On May 2, 2012, just over two years after the catastrophic explosion on the Deepwater Horizon drilling rig, BP drilling engineer Kurt Mix was indicted on felony charges. Mix’s deletion of of text messages and voicemails from his cell phone, according to federal prosecutors, amounted to an obstruction of justice in the investigation of the BP spill.
But to Mix’s attorney Joan McPhee and Forbes contributor Walter Pavlo, the Mix prosecutors are a case of “Prosecutors Gone Wild“, overcome by their zeal to convict someone, anyone, as a scapegoat in the record-setting environmental disaster.
Prosecutors felt that Mix had deleted information that was critical to calculating the flow of oil into the Gulf, something that would later be used to determine BP’s spill liability. A superseding indictment charged that Mix had also deleted three voicemails on the same phone to the CONTRACTOR. …
Note that Mix is not accused of covering up evidence of his, or even his employer’s, culpability in the blowout. Mix was not the engineer in charge of the well at the time of the accident. Mix was brought in to help with the “kill procedure”, the effort to halt the well’s uncontrolled flow. The information prosecutors accuse him of deleting bears only on the size of the fine the Feds can slap on BP.* It was never needed to find out why the well failed, or how to save lives in the future.
McPhee sought to have one of the counts against Mix thrown out last November when it was discovered that the text messages in question contained innocuous messages about things such as lunch plans and yoga lessons … not oil spill calculations. During that hearing, U.S. District Judge Stanwood R. Duval, Jr. noted that the messages did not represent, “an overwhelmingly strong indictment.” Prosecutors said that the messages, particularly those related to lunch plans, could be ‘nuances’ about something more sinister. Nevertheless, a ruling was made to allow the count to stand pending receipt of further information.

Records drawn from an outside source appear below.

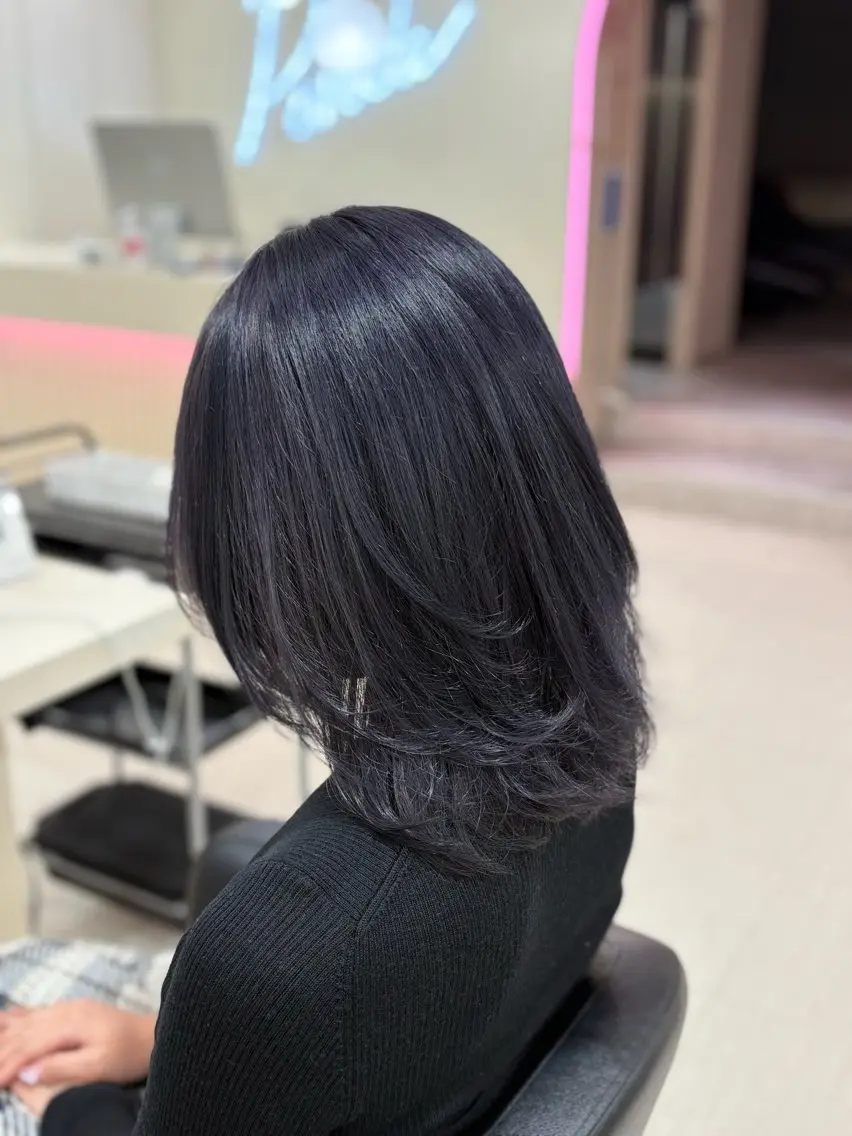 ミディアム カラー ヘアアレンジ ヘアカラー 💟RINNA 艶カラー💟のヘアスタイル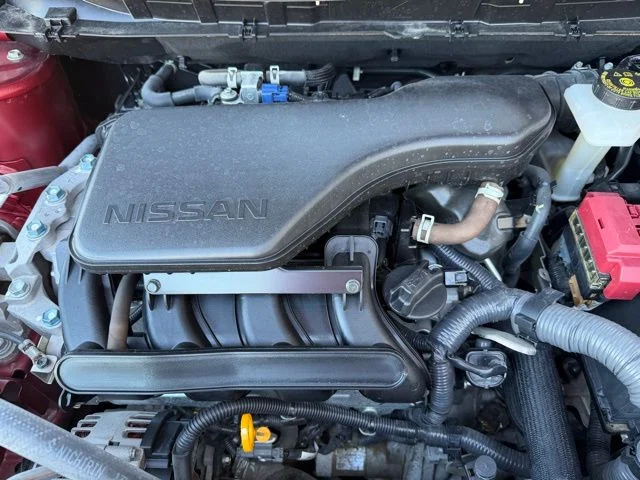 Used 2022 Red Nissan SL image 31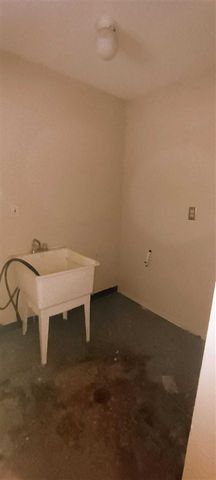 6121 Plainview Avenue, Detroit, MI 48228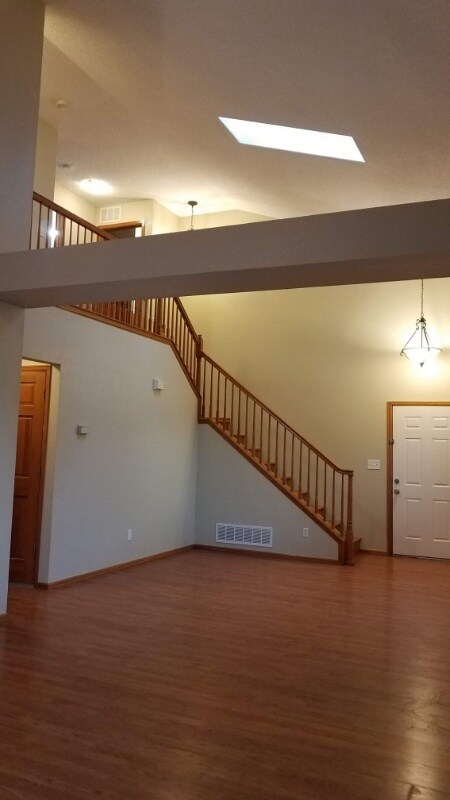 Building Photo - 8743 S Redwing Ave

It was 16 months after the indictment, April 2013, when prosecutors were forced to disclose that the contractor who participated in the deleted exchanges gave the FBI a statement that it engaged in no technical discussions with Mix, or had any dialogue with him concerning the well’s flow rates. Furthermore, the prosecution plans to call neither the contractor nor Mix’s BP supervisor (the other subject of deleted communications) in his December trial.
The Grand Jury’s indictment depended on FBI testimony that a) Mix received several “legal hold notices” not to destroy communications and b) that Mix subsequently deleted the text message threads and voicemails.
But the Grand Jury was never told that the “legal hold notices” were statements of BP document retention policy, not federal law. The Grand Jury was not told the content of those deleted communications, even though they requested the information. Prosecutorial bluster seems to have won the day.
In order to strengthen their case against Mix, prosecutors further accused Mix of misleading former Secretary of Energy Steven Chu in a technical slideshow. It was presented in a meeting without Mix in attendance and without his knowledge. The only reference to Mix in the entire presentation are some engineering calculations attributed to him — with his first name misspelled.
It sounds as though the government’s case against engineer Kurt Mix is exceedingly flimsy. If convicted, he is facing not just professional and financial ruin but potentially many years in prison. Any technical person who works in oil and gas, or for that matter in coal, nuclear power, chemicals, pipelines, or any other industry with similar accident potential, needs to ponder the implications of their involvement, and what might be their response in an accident. As Mix’s attorney Joan McPhee stated in her response to the government’s allegations:
“If these sorts of prosecutorial tactics were given any credence, when the next environmental disaster strikes, individuals with the knowledge and skill to respond to the disaster would be better off just leaving the building, lest they later be baselessly accused of fraud.”
This echoes what I wrote while the Macondo spill was ongoing — at the time, Interior Secretary Ken Salazar and his offshore safety chief (and ex-prosecutor) Michael Bromwich seemed more focused on assigning blame than in stopping the well’s flow (remember “cozy relationship“?). Through fear and accusation they alienated some of the only technical professionals within government and industry who could help solve the disaster.
Let’s face it: Government has become so big and so powerful that it can crush any one of us like a grape if it chooses. And it seems more inclined to do so with each passing day.
* Under the Clean Water Act, BP’s fine can range from $1,100 per barrel spilled up to $4,300 per barrel, if it is determined that gross negligence led to the spill. The government estimates 4.9 million barrels spilled, vs. BP’s estimate of 3.26 million barrels. BP’s total exposure to this fine alone is almost $18 billion (they won’t pay for some 800 thousand barrels recovered). The difference in volume estimates could be worth $7.3 billion. (Source.)